BEGIN Information provided
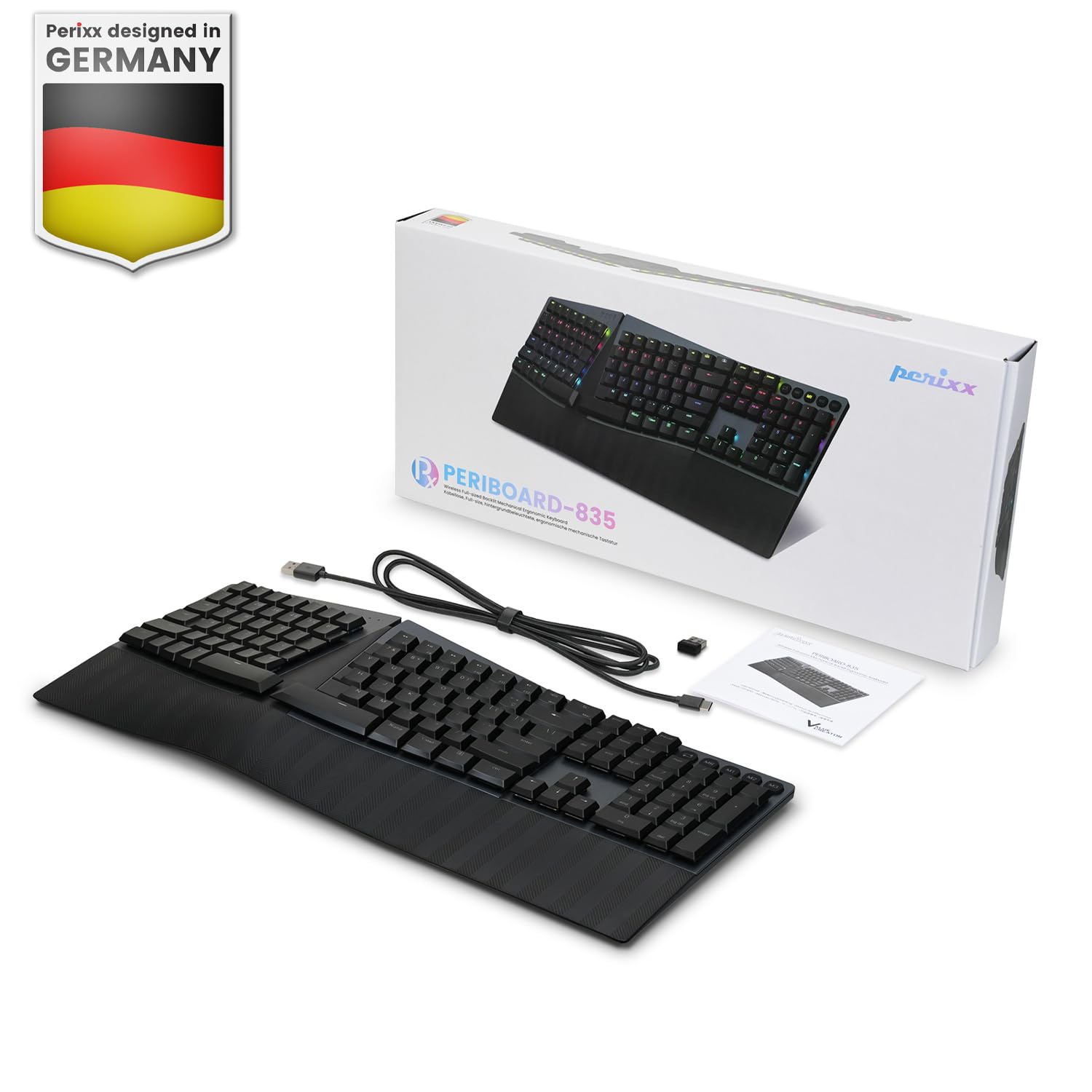 Perixx PERIBOARD-835RD – Tastiera Meccanica Wireless Ergonomica RGB, Switch Lineari Rossi Profilo Basso, Multi-Dispositivo (Windows/Mac), Layout Italiano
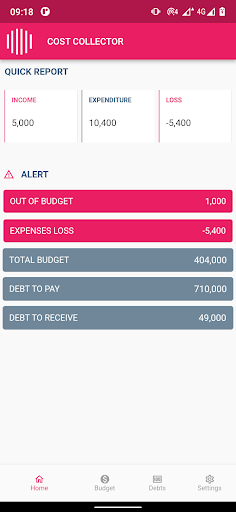 Cost Collector Screen 2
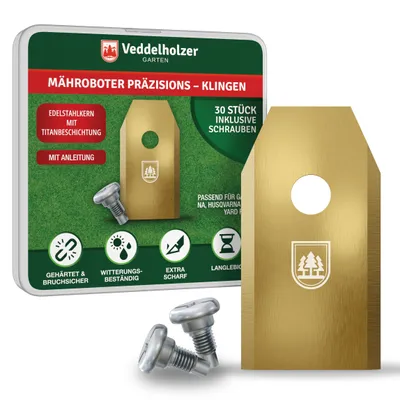 Produktbild von Veddelholzer 30 Mähroboter Klingen aus Edelstahl mit Titan beschichtet Mähroboter Ersatzmesser kompatibel Gardena, Husqvarna, Yardforce,uvm. Schrauben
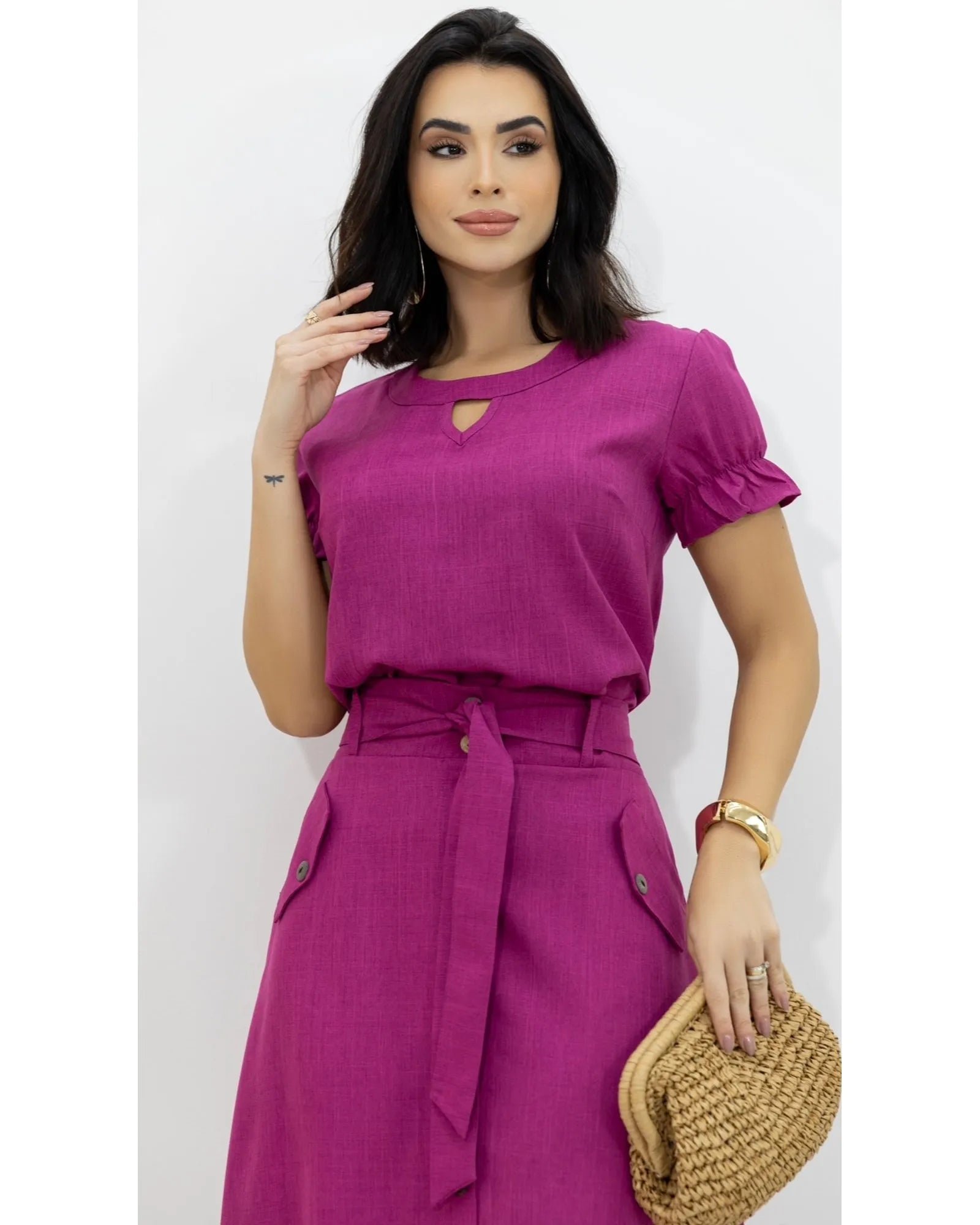 Conjunto Saia e Blusa Linho Decote Gota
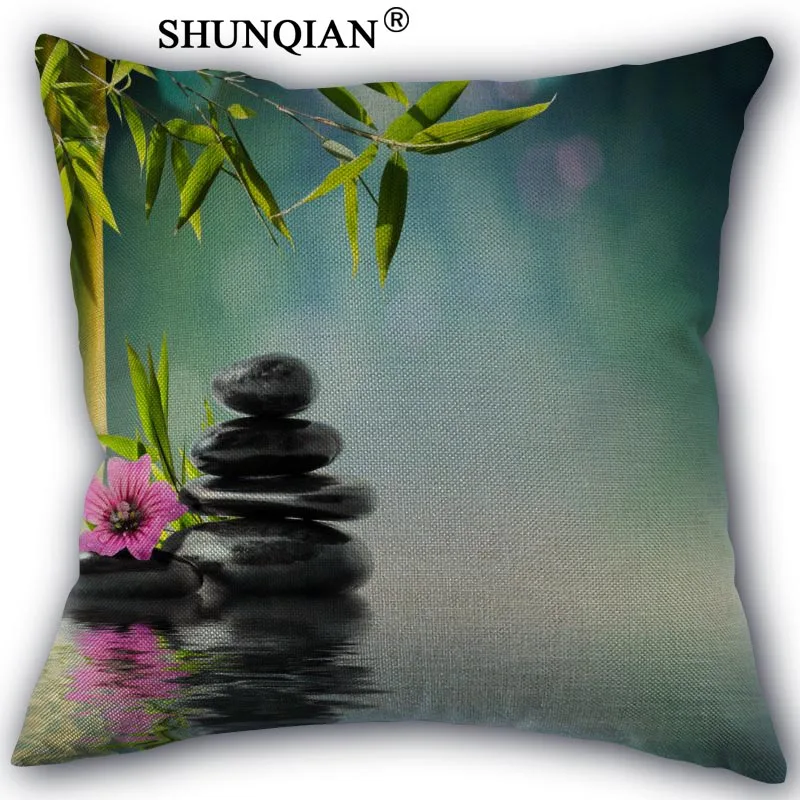 Pillowcase Zen Stone Подушки Детские случае пользовательские хлопок лен Площадь декоративные Наволочки чехол на молнии 45x45 см одна сторона - Цвет: Pillowcase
END Information provided
Your objective: Please give the entries above again exactly as written, leaving out any pictures.

Output for this task:
 Perixx PERIBOARD-835RD – Tastiera Meccanica Wireless Ergonomica RGB, Switch Lineari Rossi Profilo Basso, Multi-Dispositivo (Windows/Mac), Layout Italiano
 Cost Collector Screen 2
 Produktbild von Veddelholzer 30 Mähroboter Klingen aus Edelstahl mit Titan beschichtet Mähroboter Ersatzmesser kompatibel Gardena, Husqvarna, Yardforce,uvm. Schrauben
 Conjunto Saia e Blusa Linho Decote Gota
 Pillowcase Zen Stone Подушки Детские случае пользовательские хлопок лен Площадь декоративные Наволочки чехол на молнии 45x45 см одна сторона - Цвет: Pillowcase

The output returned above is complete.